Noé Duchaufour-Lawrance envahit les espaces de la galerie des Gobelins avec ses toutes dernières oeuvres immaculées et fantomatiques. Superbe.
Imaginez-vous, seul(e), déambulant dans une grande demeure, passant de pièce en pièce, où chacune serait occupée par des meubles recouverts d’un drap blanc. C’est ce voyage que nous propose le jeune designer Noé Duchaufour-Lawrance dans sa Carte blanche de la Galerie des Gobelins. Les dernières créations du designer réalisées avec l’Atelier de Recherche et de Création (ARC) du Mobilier national (collection Transmissions) sont en effet inspirées par l’imagerie collective des silhouettes de meubles fantomatiques recouverts de tissus blancs qui sommeillent à l’abri des grandes maisons.
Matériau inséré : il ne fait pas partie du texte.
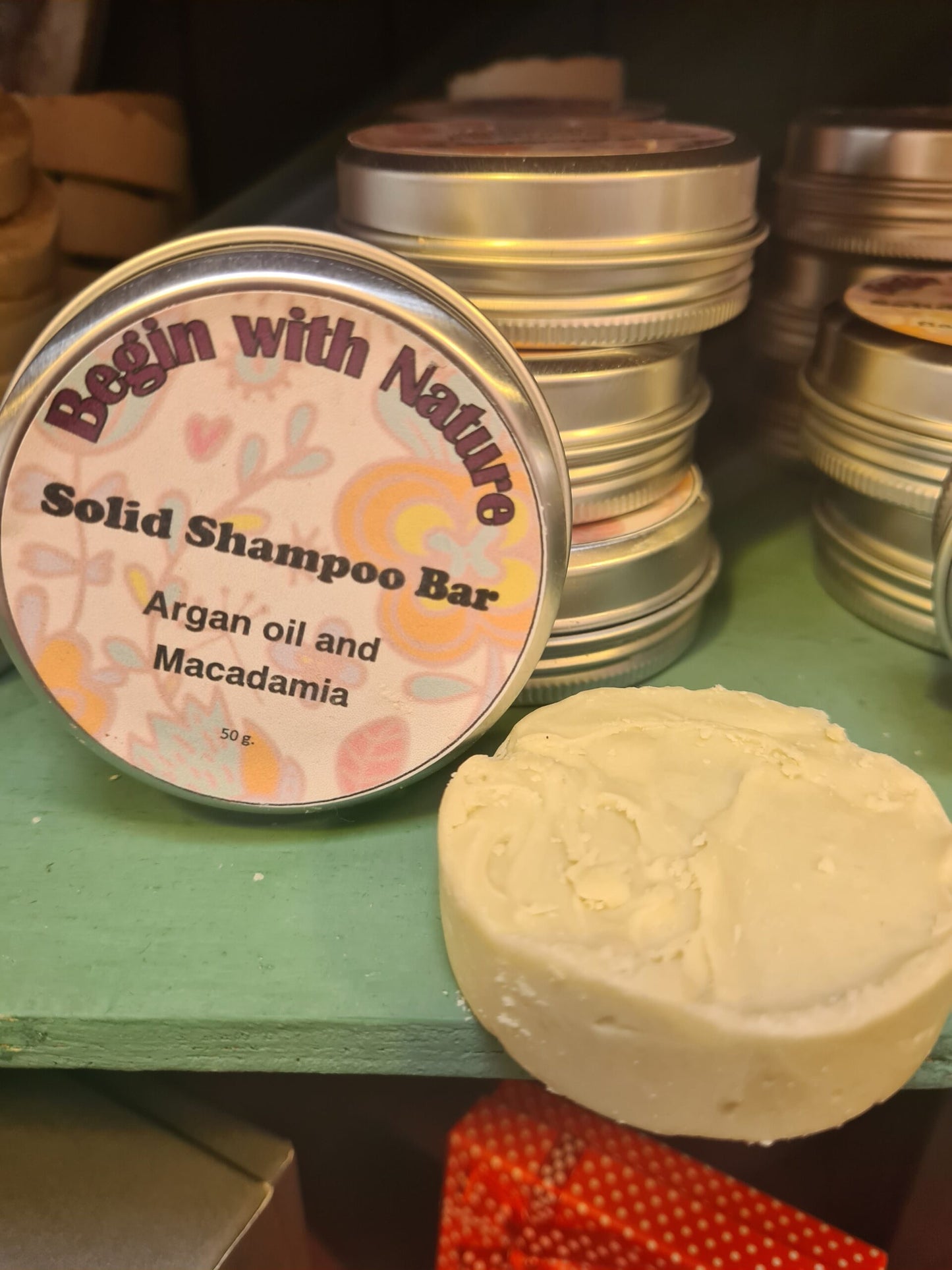 Argan and Macadamia Shampoo bar - Shampoo bar in tin image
La structure du mobilier (une table, une chaise et une enfilade) est en chêne, une essence qui rappelle la tradition française de l’ébénisterie, et est agrémentée d’une coque composite en fibre de lin gainée de cuir blanc. La conception de ce projet s’est appuyée sur une double culture, celle du savoir-faire d’ébénisterie d’exception et une approche technologique liée aux matériaux composites. Les parties menuisées de ces deux meubles ont été voulues les plus pures possibles, afin d’accentuer la dualité des formes et de rendre hommage aux techniques d’ébénisterie et de menuiserie les plus perfectionnées. Les formes d’assemblages d’ébénisterie de la chaise et du bureau en pointe de diamant font appels à un lexique technique assez large. Les techniciens d’art ont ainsi exprimé tout leur savoir-faire pour répondre au projet du designer : assemblages en enfourchement, tenons, mortaise, pigeon. Ces techniques et ce travail de coupe du bois se sont répondus avec exigence à chaque étape pour donner naissance à des lignes et des courbes parfaites.
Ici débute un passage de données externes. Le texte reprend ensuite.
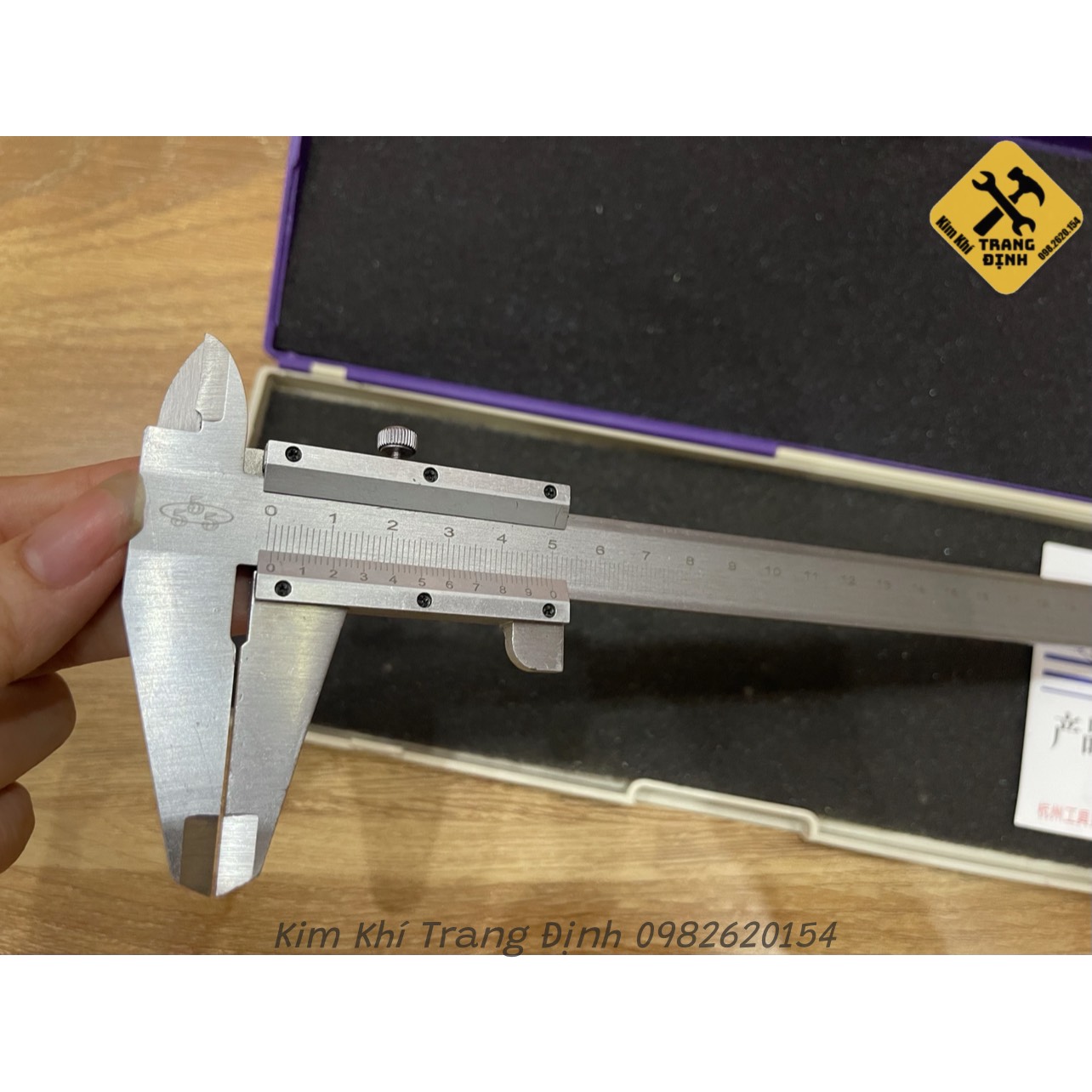 Thước cặp kẹp cơ khí thép không gỉ 300mm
Les coques sont volontairement dissociées des parties en chêne et semblent flotter au-dessus des meubles. La technique d’imprégnation des coques, le RTM light (Résine Transfer Molding), permet un langage formel plus fluide inspiré par la souplesse du tissu. Elles sont partiellement gainées de cuir blanc afin de faire valoir la vibration de la matière naturelle de la fibre de lin. Ce dispositif rappelle le tissu déposé sur les tables dans les maisons passées. Le dialogue entre les matériaux, le bois, le cuir, la coque en fibre de lin permet de révéler et de préserver au mieux la singularité des matériaux et des techniques utilisés.
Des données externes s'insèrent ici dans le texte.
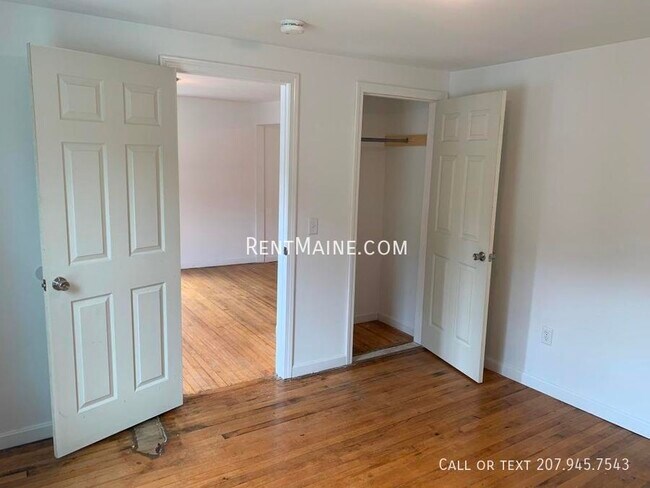 Building Photo - 27 Margin St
En déambulant dans le Salon carré, en cheminant entre des fantômes de meubles, on découvre petit à petit les créations de Noé Duchaufour Lawrance. Le jeu de cache-cache qui se présente au spectateur, une scéno- graphie conçue par le designer, met en scène le processus créatif et évoque le parcours sinueux d’une idée vers sa réalisation. Cette Carte blanche permet de rendre visible la poésie de la création d’un designer.
Noé Duchafour-Lawrance, Galerie des Gobelins, Paris.